▸ Description of the task:
When you reach the line with "Mulonu® Mink Fleece" in the listing below, write out that line and every one after it exactly, and skip the pictures.

══ Dataset extract

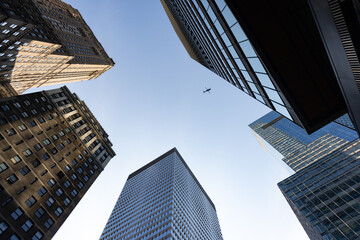 Fototapeta na wymiar Variety of Office Buildings and Skyscrapers in Midtown Manhattan of New York City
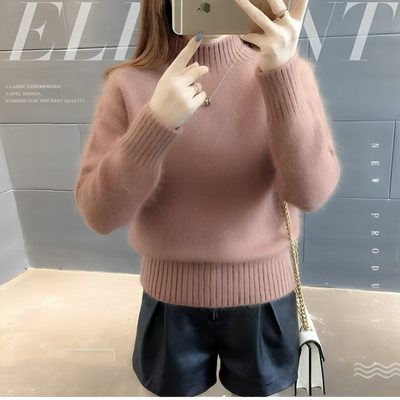 Mulonu® Mink Fleece Long Sleeve Slim Fit Women's Sweater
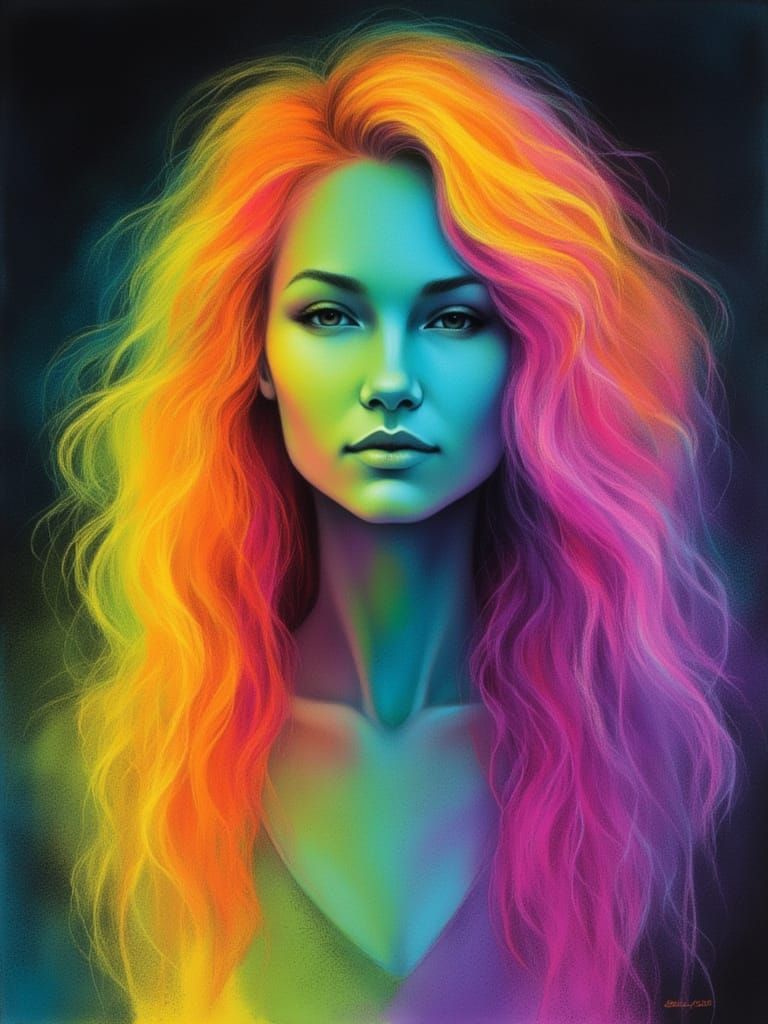 <lora:Neon chalk:1.0> <lora:Archetypal Images:1.0> euphoric female full body length, neon chalk yellow and neon green hair, neon pink, orang...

════

▸ Response area:
 Mulonu® Mink Fleece Long Sleeve Slim Fit Women's Sweater
 <lora:Neon chalk:1.0> <lora:Archetypal Images:1.0> euphoric female full body length, neon chalk yellow and neon green hair, neon pink, orang...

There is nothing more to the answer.